我正在为我的C ++课程开发实验室。我有一个非常基本的工作版本,我的实验室正在运行,但它不是应该如何。
作业:
编写一个程序,一次读取一个单词的文本文件。首次遇到时,将单词存储到动态创建的数组中。创建一个并行整数数组,以保存每个特定单词在文本文件中出现的次数。如果单词出现在文本文件中多次,请不要将其添加到动态数组中,但请确保在并行整数数组中增加相应的单词频率计数器。在进行任何比较之前,请从所有单词中删除任何尾随标点符号。
创建并使用包含Bill Cosby报价的以下文本文件来测试您的程序。
我不知道成功的关键,但失败的关键是试图取悦所有人。
在程序结束时,生成一个报告,以类似于以下的格式打印两个数组的内容:
词频分析
单词频率 我1 不要1 知道1 2 关键2 ...
我可以弄清楚一个单词是否在数组中重复多次,但我无法弄清楚如何不向数组中添加/删除重复的单词。例如,单词“to”出现三次,但它应该只出现在输出中一次(意味着它在数组中的一个位置)。
我的代码:
using namespace std;
int main()
{
ifstream file;
file.open("Quote.txt");
if (!file)
{
cout << "Error: Failed to open the file.";
}
else
{
string stringContents;
int stringSize = 0;
// find the number of words in the file
while (file >> stringContents)
{
stringSize++;
}
// close and open the file to start from the beginning of the file
file.close();
file.open("Quote.txt");
// create dynamic string arrays to hold the contents of the file
// these will be used to compare with each other the frequency
// of the words in the file
string *mainContents = new string[stringSize];
string *compareContents = new string[stringSize];
// holds the frequency of each word found in the file
int frequency[stringSize];
// initialize frequency array
for (int i = 0; i < stringSize; i++)
{
frequency[i] = 0;
}
stringContents = "";
cout << "Word\t\tFrequency\n";
for (int i = 0; i < stringSize; i++)
{
// if at the beginning of the iteration
// don't check for the reoccurence of the same string in the array
if (i == 0)
{
file >> stringContents;
// convert the current word to a c-string
// so we can remove any trailing punctuation
int wordLength = stringContents.length() + 1;
char *word = new char[wordLength];
strcpy(word, stringContents.c_str());
// set this to no value so that if the word has punctuation
// needed to remove, we can modify this string
stringContents = "";
// remove punctuation except for apostrophes
for (int j = 0; j < wordLength; j++)
{
if (ispunct(word[j]) && word[j] != '\'')
{
word[j] = '\0';
}
stringContents += word[j];
}
mainContents[i] = stringContents;
compareContents[i] = stringContents;
frequency[i] += 1;
}
else
{
file >> stringContents;
int wordLength = stringContents.length() + 1;
char *word = new char[wordLength];
strcpy(word, stringContents.c_str());
// set this to no value so that if the word has punctuation
// needed to remove, we can modify this string
stringContents = "";
for (int j = 0; j < wordLength; j++)
{
if (ispunct(word[j]) && word[j] != '\'')
{
word[j] = '\0';
}
stringContents += word[j];
}
// stringContents = "dont";
//mainContents[i] = stringContents;
compareContents[i] = stringContents;
// search for reoccurence of the word in the array
// if the array already contains the word
// don't add the word to our main array
// this is where I am having difficulty
for (int j = 0; j < stringSize; j++)
{
if (compareContents[i].compare(compareContents[j]) == 0)
{
frequency[i] += 1;
}
else
{
mainContents[i] = stringContents;
}
}
}
cout << mainContents[i] << "\t\t" << frequency[i];
cout << "\n";
}
}
file.close();
return 0;
}
如果代码难以理解/遵循,我道歉。
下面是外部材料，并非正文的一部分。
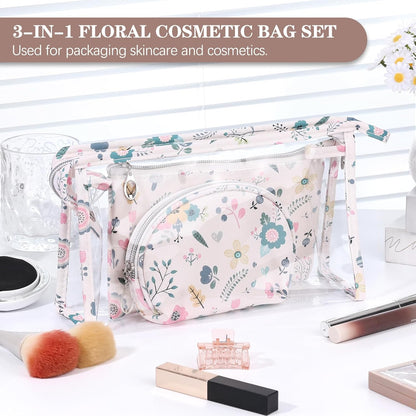 Makeup Bag, Clear Bag with Zipper, 3PC Floral Flowers Makeup Pouch, Waterproof Small Pouch, Portable Travel Toiletry Bag, C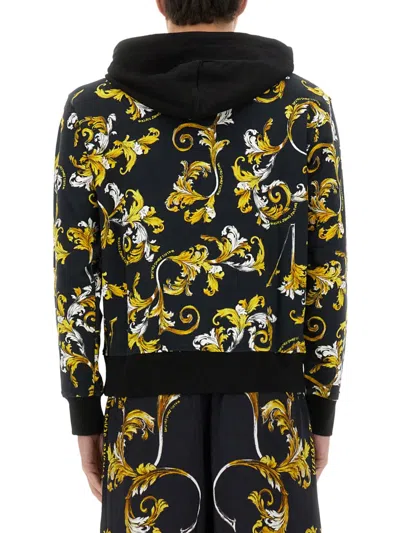Versace Jeans Couture Printed Hoodie With Front Pockets And Ribbed Trims In Black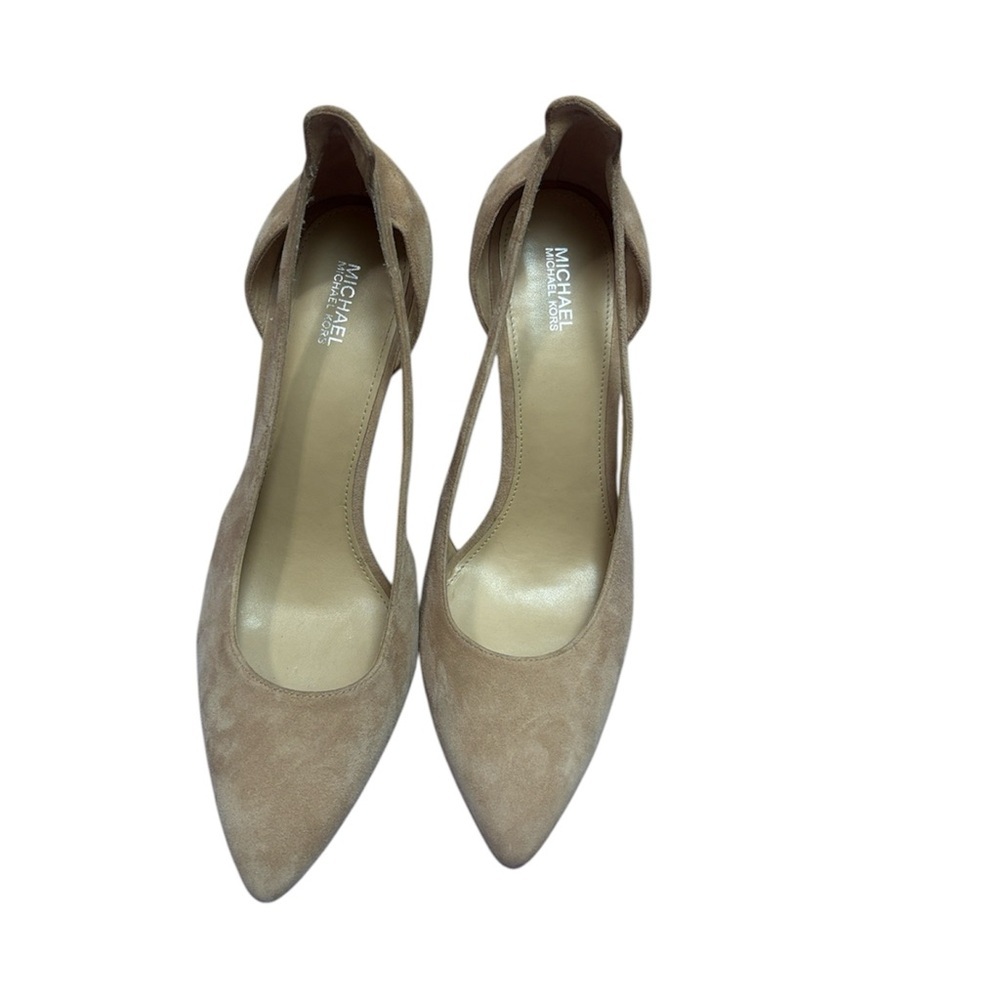 Michael Kors Taupe Suede Pointed-Toe Slingback Pumps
任何反馈表示赞赏:]
答案 0 :(得分:1)
如果使用stl,可以轻松解决整个问题,编码较少。
#include <iostream>
#include <fstream>
#include <string>
#include <unordered_map>
#include <algorithm>
using namespace std;
int main()
{
ifstream file("Quote.txt");
string aword;
unordered_map<string,int> wordFreq;
if (!file.good()) {
cout << "Error: Failed to open the file.";
return 1;
}
else {
while( file >> aword ) {
aword.erase(remove_if(aword.begin (), aword.end (), ::ispunct), aword.end ()); //Remove Punctuations from string
unordered_map<string,int>::iterator got = wordFreq.find(aword);
if ( got == wordFreq.end() )
wordFreq.insert(std::make_pair<string,int>(aword.c_str(),1)); //insert the unique strings with default freq 1
else
got->second++; //found - increment freq
}
}
file.close();
cout << "\tWord Frequency Analyser\n"<<endl;
cout << " Frequency\t Unique Words"<<endl;
unordered_map<string,int>::iterator it;
for ( it = wordFreq.begin(); it != wordFreq.end(); ++it )
cout << "\t" << it->second << "\t\t" << it->first << endl;
return 0;
}
答案 1 :(得分:0)
对于这样一个简单的任务,您使用的算法非常复杂。这就是你要做的事情:
您的代码的else
块将如下所示:
string stringContents;
int stringSize = 0;
// find the number of words in the file
while (file >> stringContents)
stringSize++;
// close and open the file to start from the beginning of the file
file.close();
file.open("Quote.txt");
string *mainContents = new string[stringSize]; // dynamic array for strings found
int *frequency = new int[stringSize]; // dynamic array for frequency
int uniqueFound = 0; // no unique string found
for (int i = 0; i < stringSize && (file >> stringContents); i++)
{
//remove trailing punctuations
while (stringContents.size() && ispunct(stringContents.back()))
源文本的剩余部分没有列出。